As the professional body for social work in Aotearoa New Zealand, ANZASW feels compelled to offer its perspective on the challenging issue of uplifting children from their family / carers / whānau, which has been the focus of significant attention in the media.

Social work professionals face a range of dilemmas when engaging in the uplift of children / tamariki assessed as being or likely to be, harmed (whether physically or emotionally or sexually), ill-treated, abused, or seriously deprived. They often face complex and challenging circumstances in which they simply enact decisions made by others, yet end up becoming the target of blame whether or not they separate a child from their family / whānau.

Social workers have few choices when directed to uplift a child. No social worker goes to work with the intent of taking someone’s child away; at the same time, they are required to fulfil their responsibility to protect the safety of children / tamariki.

While the Association acknowledges criticism of recent events in the news involving a controversial attempted uplift of a child, we believe it is important to emphasise that in such cases, social workers sit within a decision-making hierarchy contained in a system that is profoundly risk-averse.

We are aware that members involved in the recent incident have been subject to verbal and online abuse following the emergence of the story in the media. They are facing extreme stress. This is unacceptable.

The Association believes that critical reflection on these kinds of incidents should focus on the systemic issues that produce extremely challenging circumstances for social workers and families / whānau alike.

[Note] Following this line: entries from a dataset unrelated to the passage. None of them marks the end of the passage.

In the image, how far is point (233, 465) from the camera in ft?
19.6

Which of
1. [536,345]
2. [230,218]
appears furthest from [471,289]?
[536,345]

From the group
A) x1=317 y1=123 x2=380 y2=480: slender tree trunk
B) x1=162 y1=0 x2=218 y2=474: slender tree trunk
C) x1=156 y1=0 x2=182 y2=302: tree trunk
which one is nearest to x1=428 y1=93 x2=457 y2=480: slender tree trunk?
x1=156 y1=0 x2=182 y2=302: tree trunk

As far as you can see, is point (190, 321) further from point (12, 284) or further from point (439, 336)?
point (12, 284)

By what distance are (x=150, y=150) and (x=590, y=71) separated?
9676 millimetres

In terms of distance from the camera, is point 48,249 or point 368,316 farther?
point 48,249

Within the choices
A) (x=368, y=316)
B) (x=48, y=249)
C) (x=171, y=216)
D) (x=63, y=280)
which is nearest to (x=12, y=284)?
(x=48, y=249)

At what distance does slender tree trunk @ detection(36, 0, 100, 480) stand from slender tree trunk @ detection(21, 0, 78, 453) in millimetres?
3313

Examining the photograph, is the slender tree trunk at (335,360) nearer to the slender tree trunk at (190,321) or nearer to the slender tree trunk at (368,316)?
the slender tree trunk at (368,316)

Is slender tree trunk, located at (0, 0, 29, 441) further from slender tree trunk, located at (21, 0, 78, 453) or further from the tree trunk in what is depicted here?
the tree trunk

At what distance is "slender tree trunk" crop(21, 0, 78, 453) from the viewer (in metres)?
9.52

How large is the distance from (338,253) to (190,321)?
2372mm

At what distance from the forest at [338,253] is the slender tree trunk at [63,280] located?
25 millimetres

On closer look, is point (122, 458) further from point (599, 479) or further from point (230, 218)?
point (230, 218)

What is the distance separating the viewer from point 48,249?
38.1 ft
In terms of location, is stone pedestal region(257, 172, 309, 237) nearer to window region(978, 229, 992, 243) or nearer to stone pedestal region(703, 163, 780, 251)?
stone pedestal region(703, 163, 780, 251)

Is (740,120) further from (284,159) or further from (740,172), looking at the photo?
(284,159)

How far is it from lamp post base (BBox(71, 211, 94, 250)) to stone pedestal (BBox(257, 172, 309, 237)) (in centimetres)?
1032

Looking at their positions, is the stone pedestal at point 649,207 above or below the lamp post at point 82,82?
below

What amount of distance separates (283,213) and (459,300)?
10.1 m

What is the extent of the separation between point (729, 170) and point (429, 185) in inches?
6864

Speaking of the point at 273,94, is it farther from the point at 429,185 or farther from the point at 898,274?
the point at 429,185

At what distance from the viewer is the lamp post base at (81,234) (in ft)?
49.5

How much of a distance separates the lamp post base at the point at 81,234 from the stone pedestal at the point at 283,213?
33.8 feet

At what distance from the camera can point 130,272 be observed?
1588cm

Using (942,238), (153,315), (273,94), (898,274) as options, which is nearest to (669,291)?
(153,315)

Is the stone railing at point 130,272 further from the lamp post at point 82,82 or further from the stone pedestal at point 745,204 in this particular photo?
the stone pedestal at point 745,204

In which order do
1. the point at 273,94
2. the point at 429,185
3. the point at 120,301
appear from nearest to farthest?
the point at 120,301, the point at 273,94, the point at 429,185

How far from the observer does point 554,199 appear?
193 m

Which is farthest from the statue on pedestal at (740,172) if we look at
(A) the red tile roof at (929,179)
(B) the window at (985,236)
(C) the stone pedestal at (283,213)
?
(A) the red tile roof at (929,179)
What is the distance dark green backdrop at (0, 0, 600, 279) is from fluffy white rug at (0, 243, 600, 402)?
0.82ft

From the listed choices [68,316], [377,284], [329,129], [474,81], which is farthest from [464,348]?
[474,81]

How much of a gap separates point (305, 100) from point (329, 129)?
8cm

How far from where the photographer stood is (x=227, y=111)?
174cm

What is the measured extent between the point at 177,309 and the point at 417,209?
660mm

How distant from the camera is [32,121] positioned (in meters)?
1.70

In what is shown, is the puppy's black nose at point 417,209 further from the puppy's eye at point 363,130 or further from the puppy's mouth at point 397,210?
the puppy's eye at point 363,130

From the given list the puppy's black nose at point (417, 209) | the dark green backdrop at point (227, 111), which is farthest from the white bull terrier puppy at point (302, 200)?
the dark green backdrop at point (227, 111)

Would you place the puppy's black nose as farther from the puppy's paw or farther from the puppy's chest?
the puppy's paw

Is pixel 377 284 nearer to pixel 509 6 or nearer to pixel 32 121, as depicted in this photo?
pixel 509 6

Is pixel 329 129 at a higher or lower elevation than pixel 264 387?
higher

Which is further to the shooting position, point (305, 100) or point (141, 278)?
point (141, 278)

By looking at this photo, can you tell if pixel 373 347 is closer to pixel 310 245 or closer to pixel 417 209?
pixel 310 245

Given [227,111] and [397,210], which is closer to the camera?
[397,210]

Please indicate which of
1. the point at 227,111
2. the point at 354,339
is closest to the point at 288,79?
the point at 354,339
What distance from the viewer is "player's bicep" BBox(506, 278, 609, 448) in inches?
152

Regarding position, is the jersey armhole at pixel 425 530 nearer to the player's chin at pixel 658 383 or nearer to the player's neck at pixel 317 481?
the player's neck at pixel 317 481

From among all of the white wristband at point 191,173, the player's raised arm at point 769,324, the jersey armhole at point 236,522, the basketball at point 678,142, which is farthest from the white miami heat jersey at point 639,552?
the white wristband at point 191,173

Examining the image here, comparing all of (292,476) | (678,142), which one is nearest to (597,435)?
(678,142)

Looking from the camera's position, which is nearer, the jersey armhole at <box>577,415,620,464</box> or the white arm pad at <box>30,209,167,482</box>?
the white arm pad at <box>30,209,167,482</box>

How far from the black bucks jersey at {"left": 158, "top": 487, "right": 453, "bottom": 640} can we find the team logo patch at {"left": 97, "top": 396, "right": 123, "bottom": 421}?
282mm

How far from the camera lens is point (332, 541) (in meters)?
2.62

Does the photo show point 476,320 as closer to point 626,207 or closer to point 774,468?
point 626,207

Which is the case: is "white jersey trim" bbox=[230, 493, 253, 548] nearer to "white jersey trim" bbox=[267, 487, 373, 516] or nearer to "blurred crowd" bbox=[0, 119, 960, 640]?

Social workers must follow the law, which stresses the paramountcy of the welfare and safety of children / tamariki judged to be at serious risk. They are obligated to start permanency planning from the earliest stages of engagement with at risk children / tamariki- and to act on these plans once they have been told to do so.

The question remains, how much scope do social workers have apply the knowledge and skill acquired in their training and professional judgment when working with complex family / whānau situations, often under extreme pressure? As the 2014 Workload and Casework Review noted, the capacity of many social workers in care and protection has been hampered by excessive caseloads, engaging with burdensome systems and “increasingly complex child and family needs.”

Rather than vilifying social workers, ANZASW asserts that systemic issues need to be addressed. Furthermore, we fear that some of the issues set out above have been lacking from public discourse on the multi-faceted and complex issue of removing children and young people from their families.